Oh no, the RANGERS suck. But this young man, the one who overcame his drug addiction with the help of grandma and Sonny Jesus, HE'S the thing to remember. You see, he used to be on DRUGS, and now he's CLEAN and ...
Point by point (because I know of no other way)
1) Yeah, they did lay it on pretty thick. But Yankee Stadium is fairly hallowed turf...I mean, c'mon, Ruth, Gehrig (Jesus H. Shatner...HENRY LOUIS GEHRIG!), Mantle. These were the giants of baseball. I even rooted (mildly) for the Yankees when I was there last summer, because how could you be there and NOT?! Oh, and McCarver BLOWS, but he's no Billy Packer...sorry, I got distracted.
2)Yes...the moral of the Josh Hamilton story is that you can do massive amounts of drugs and become a brilliant major leaguer as long as your gramma is still alive. Moving on...something about 15 minutes of fame.
3)Okay, now I take offense to the Papelbon thing. Naturally it's been blown out of proportion. He said he would like to be taking the ball, but he understood that Rivera would be closing. It's classic shabby journalism. Take what he said, and turn it so that everybody thinks he's the bad guy.
4) Yogi Berra is old.
5) I liked Reggie too, until I saw "The Bronx is Burning" on ESPN and if that's what he is really like, then, what a prick! Still, the guy could hit homeruns.
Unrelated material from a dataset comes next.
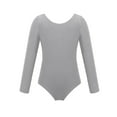 thumbnail image 1 of Hduncf Long Sleeve Ballet Leotards for Girls Basics Dance Leotard Gymnastics Ballet Outfits (Toddler/Little Kid/Big kid) Gray 11 Years, 1 of 8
SERIOUSLY?! 15 innings?! I'm still recovering.
I feel ya, slugger. I mean, you're totes wrong about Papelbon (Sox man that you are, heh!), but I just want to clarify about Yankee Stadium -- my beef is with these a-holes at FOX acting like they themselves are personally broken up about it. Ugh. And of course, them acting like we've never heard this information before ... Mr. Gleemonex and I kept turning to each other and going, "Whaaat? They're shutting down Yankee Stadium? No WAY! Whatever will happen now???" It was the Josh Hamilton Story, Stadium Edition -- throat-punchingly annoying.